En outre, ce n’est ni pour la gloire, ni pour la bonne renommée, comme parlent les philosophes, ni en vue d’une récompense qu’il attend de Dieu ou des hommes, qu’il règle tout le cours de sa vie à l’image et à la ressemblance du Seigneur. Que si parfois, au bien que fait le gnostique, on répond par le contraire, oublieux des injures, il rejettera comme mauvaise toute pensée de rendre le mal pour le mal, au souvenir que Dieu se montre juste et bon pour les justes et pour les injustes. Le Seigneur dit à ceux qu’animent ces sentiments : « Soyez parfaits comme votre père céleste est parfait. » Le gnostique est mort dans sa chair ; il n’y a plus que lui qui vive. Ce sépulcre de lui-même, il en a fait un temple saint qu’il a consacré au Seigneur, en élevant à Dieu son âme, autrefois sujette au péché. On ne peut plus dire qu’il soit continent ; il est parvenu à une sorte d’impassibilité inaccessible aux passions humaines, et il attend que Dieu le revête de la forme divine.
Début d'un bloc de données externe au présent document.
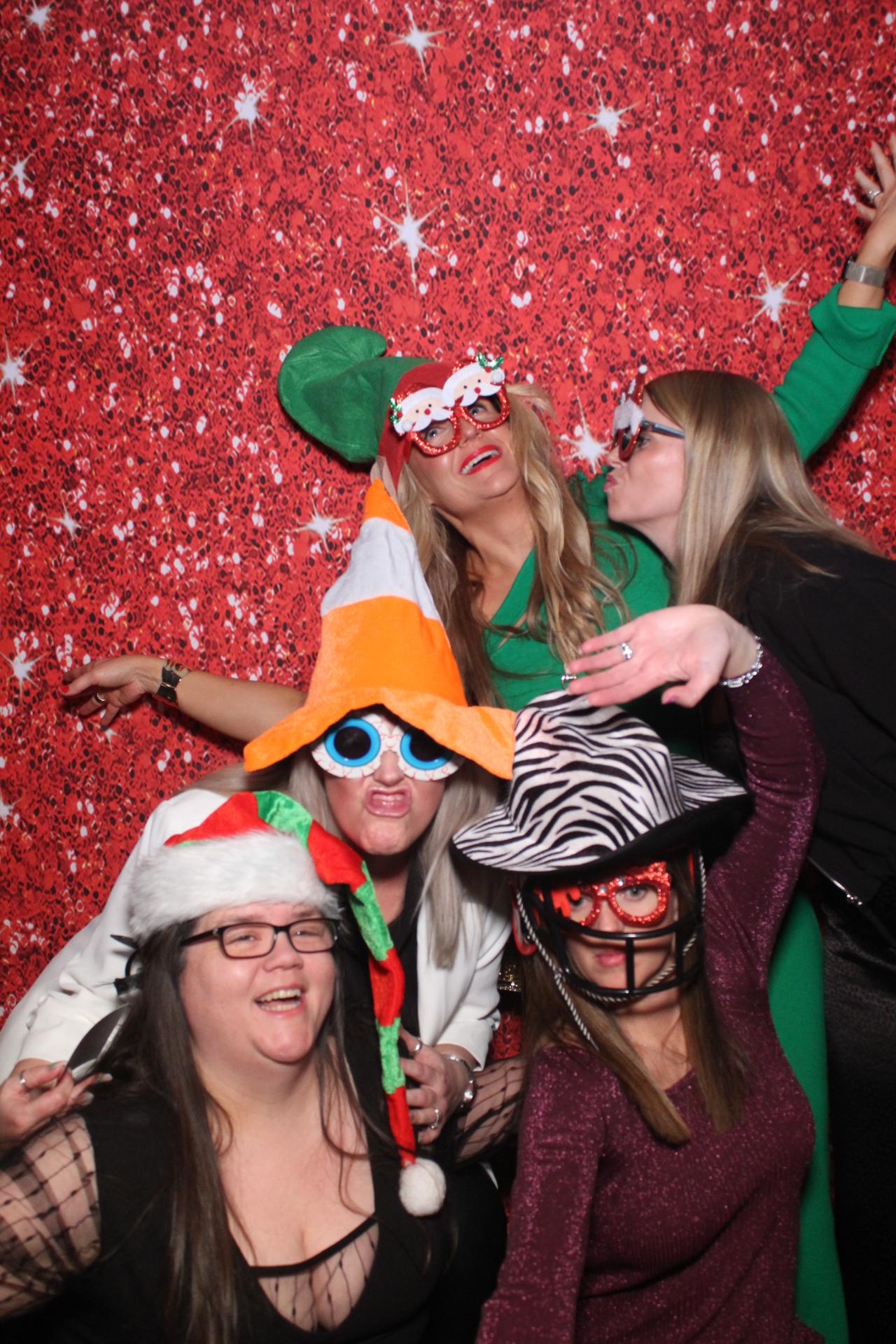 OCL Christmas party  | View more photos from the event at gallery.magicimages.uk/u/MagicImages/OCL-Christmas-party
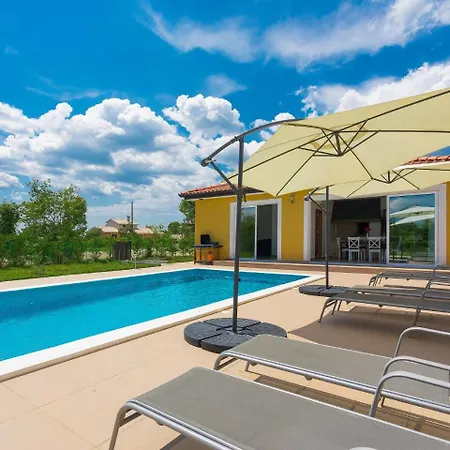 Ferienhaus Holiday Inka Kunj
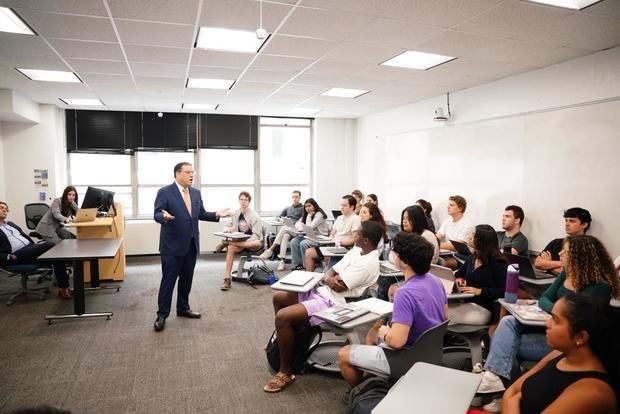 El director general de Aduanas, Yayo Sanz Lovatón, encabezó un conversatorio con estudiantes de la Universidad George Washington.
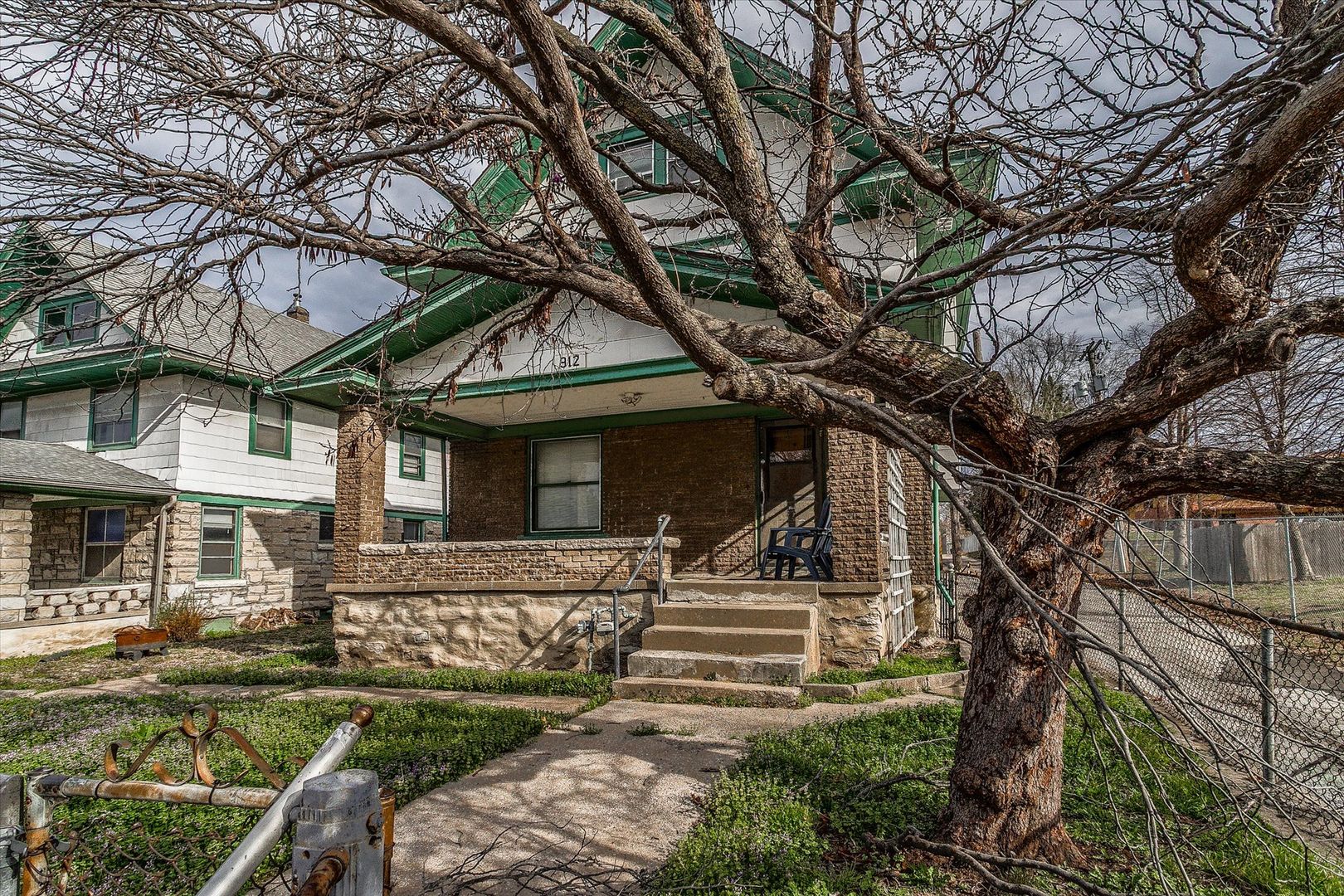 Kansas City House: 912 E 31st St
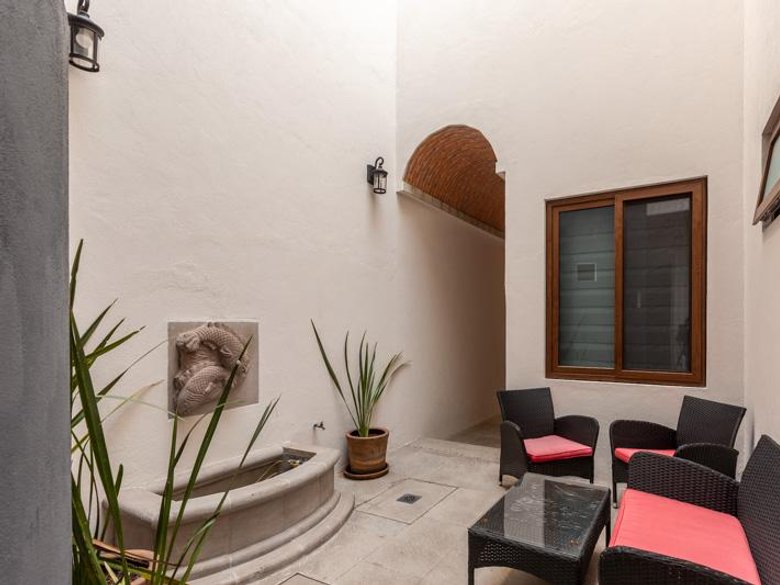 Terrace & Pied-a-terre — 21 photos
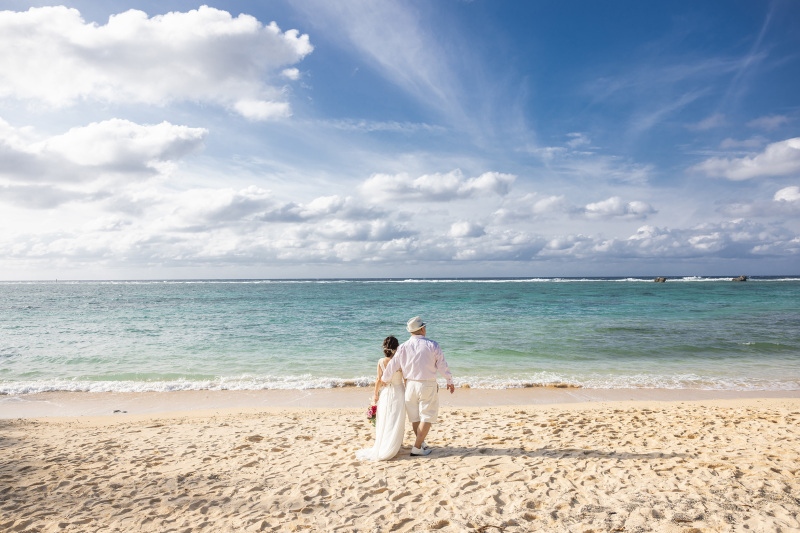 水平線を眺める背中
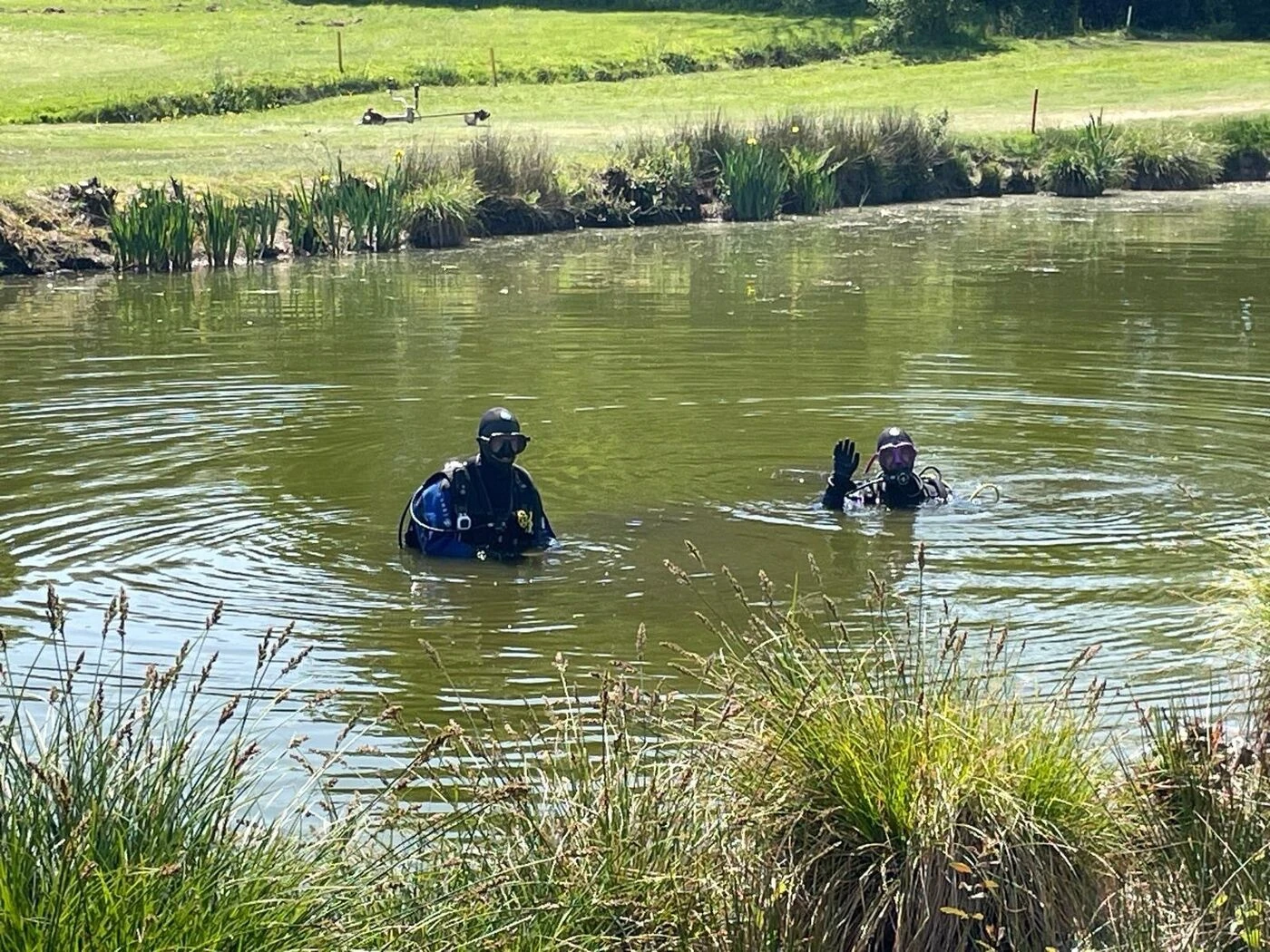 En Bretagne, 10 000 balles de golf repêchées par des plongeurs dans les pièces d’eau du golf de Plomelin !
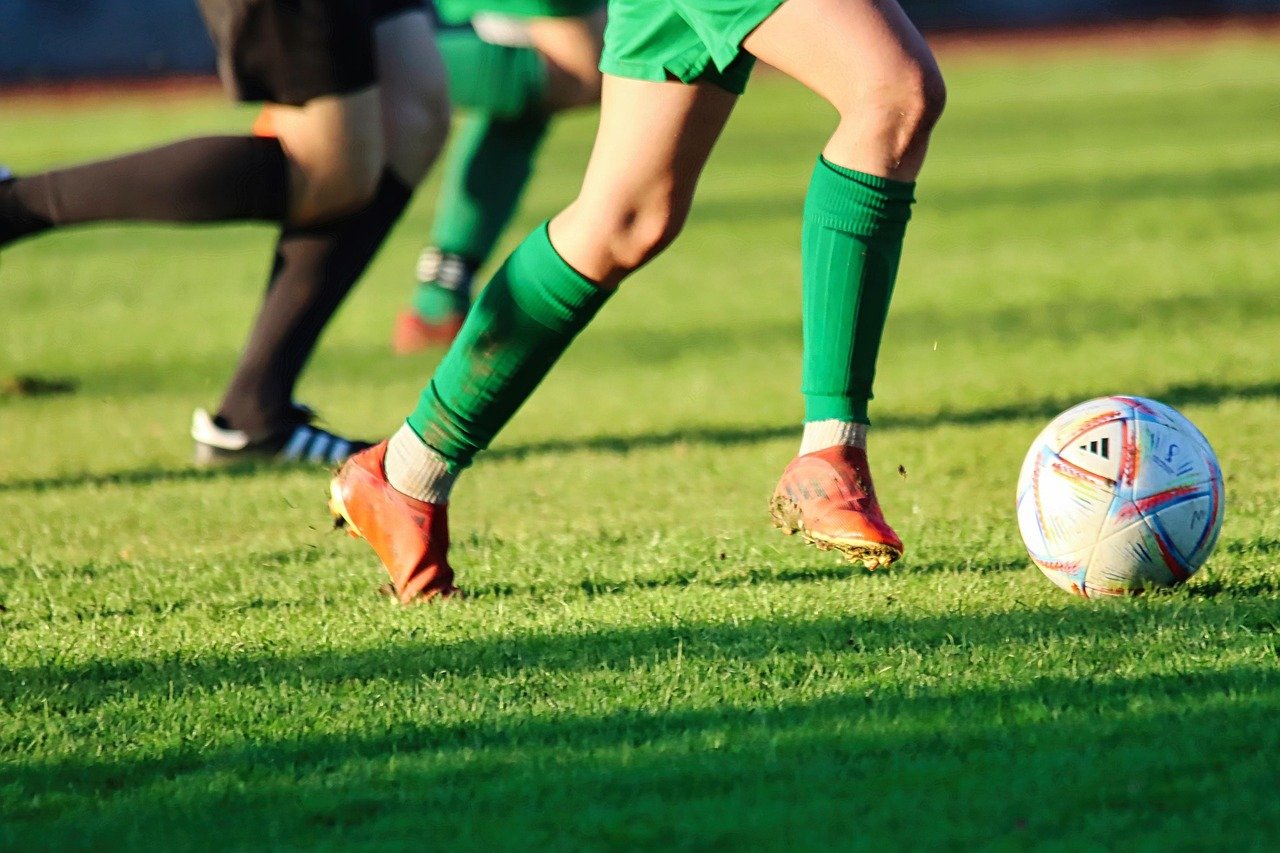 accord collectif pour le football féminin : dispositions, droits et engagements pour les joueuses et les clubs.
« Lorsque vous faites l’aumône, dit le Seigneur, que personne n’en soit instruit, et quand vous jeûnez, parfumez-vous, afin que Dieu seul le sache. » Tous les hommes doivent ignorer le bien que l’on fait. Le miséricordieux lui-même ne doit pas savoir qu’il est miséricordieux ; autrement, il serait miséricordieux parfois et parfois il ne le serait pas. Mais quand ce sera par habitude et par manière d’être qu’il exercera la bienfaisance, il se rapprochera de la nature du bien. Cette disposition intérieure se transformera chez lui en nature et en pratique assidue. N’espérons pas toucher par un premier et sublime essor le but marqué ; il faut y arriver pas à pas, en parcourant toute la voie étroite. Ces mots : Être attiré par le Père, ne signifient pas autre chose que mériter de recevoir la vertu de la grâce qui vient de Dieu, afin d’avancer par elle sans obstacle dans la route difficile de la perfection.